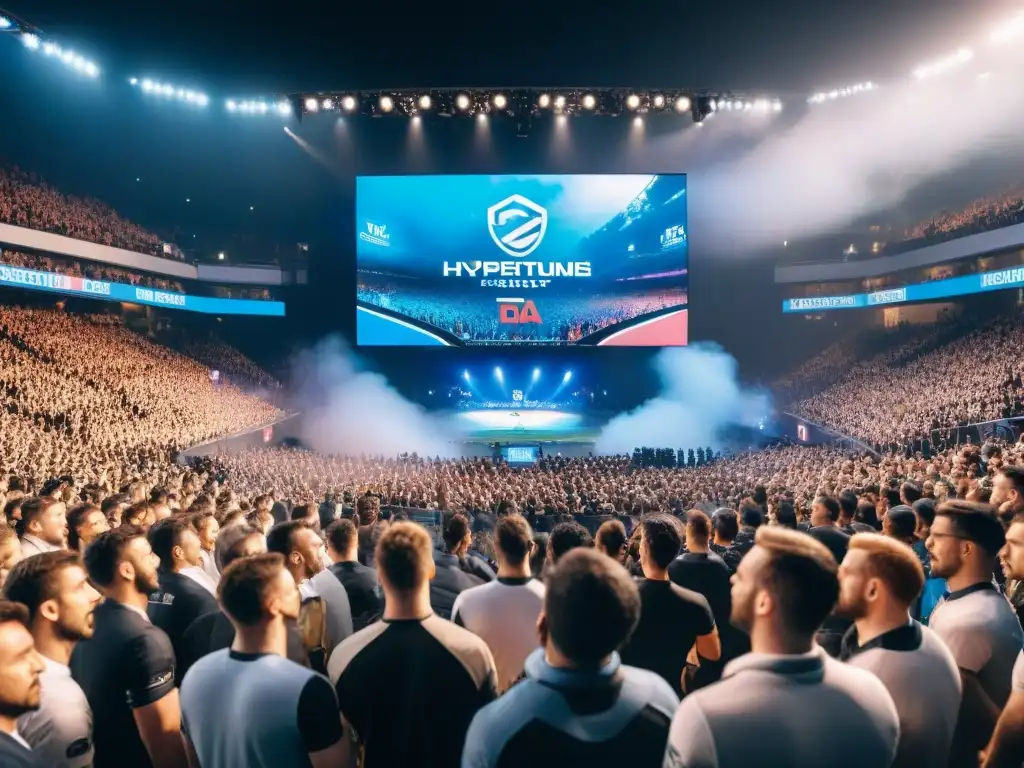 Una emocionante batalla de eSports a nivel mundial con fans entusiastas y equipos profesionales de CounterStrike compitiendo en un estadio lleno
______
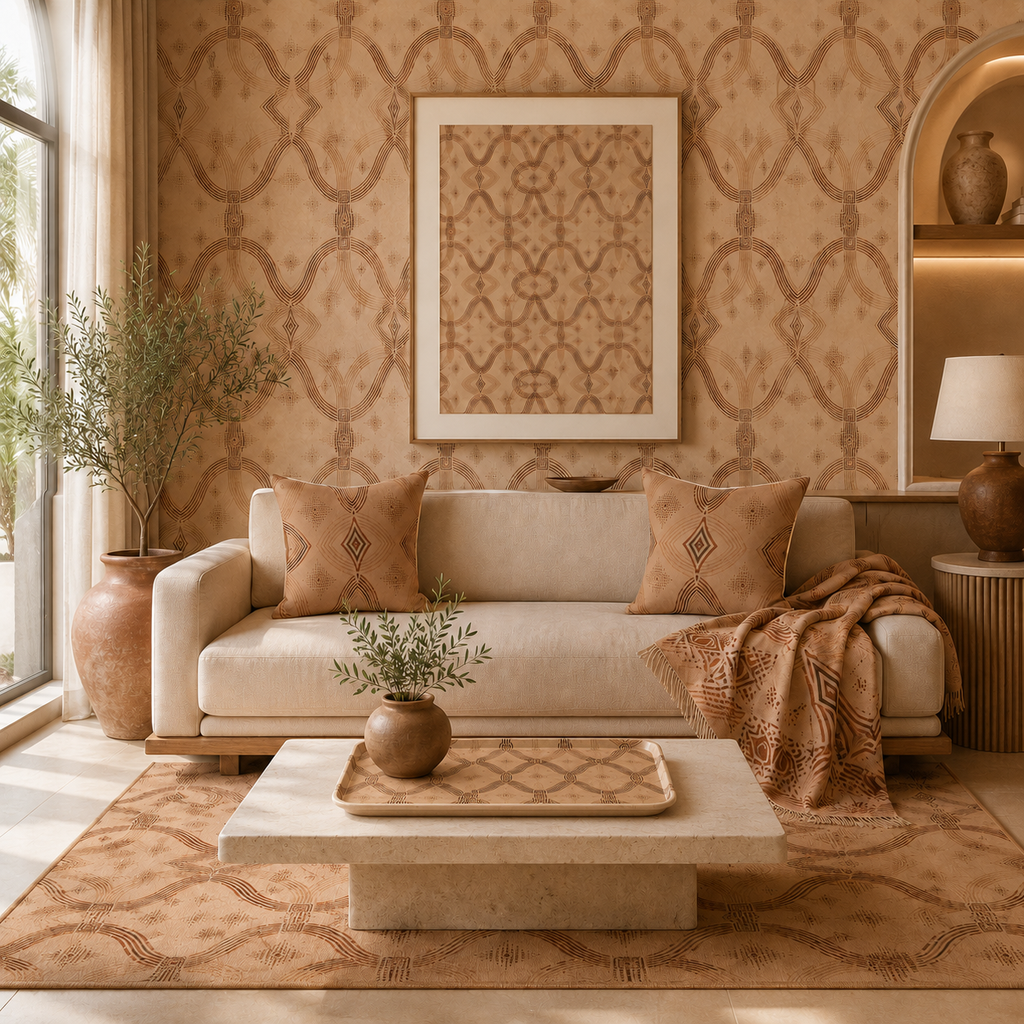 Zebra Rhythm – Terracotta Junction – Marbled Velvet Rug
______
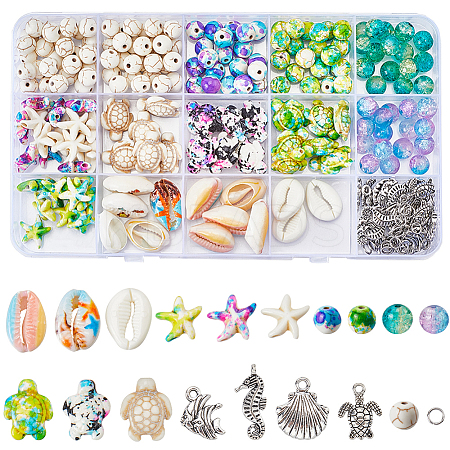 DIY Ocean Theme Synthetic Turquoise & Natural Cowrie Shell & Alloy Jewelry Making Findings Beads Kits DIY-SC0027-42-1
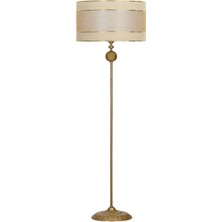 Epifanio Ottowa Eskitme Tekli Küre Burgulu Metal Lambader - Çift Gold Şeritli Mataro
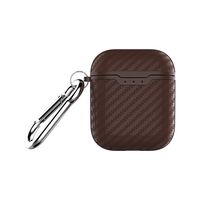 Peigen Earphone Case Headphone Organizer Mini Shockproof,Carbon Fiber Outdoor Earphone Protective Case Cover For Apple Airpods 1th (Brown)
______
__Work request__:
For the entries above, print exactly the lines between the one with "DIY Ocean Theme" and the one with "Peigen Earphone Case", inclusive, with no pictures.

__Written reply__:
 DIY Ocean Theme Synthetic Turquoise & Natural Cowrie Shell & Alloy Jewelry Making Findings Beads Kits DIY-SC0027-42-1
 Epifanio Ottowa Eskitme Tekli Küre Burgulu Metal Lambader - Çift Gold Şeritli Mataro
 Peigen Earphone Case Headphone Organizer Mini Shockproof,Carbon Fiber Outdoor Earphone Protective Case Cover For Apple Airpods 1th (Brown)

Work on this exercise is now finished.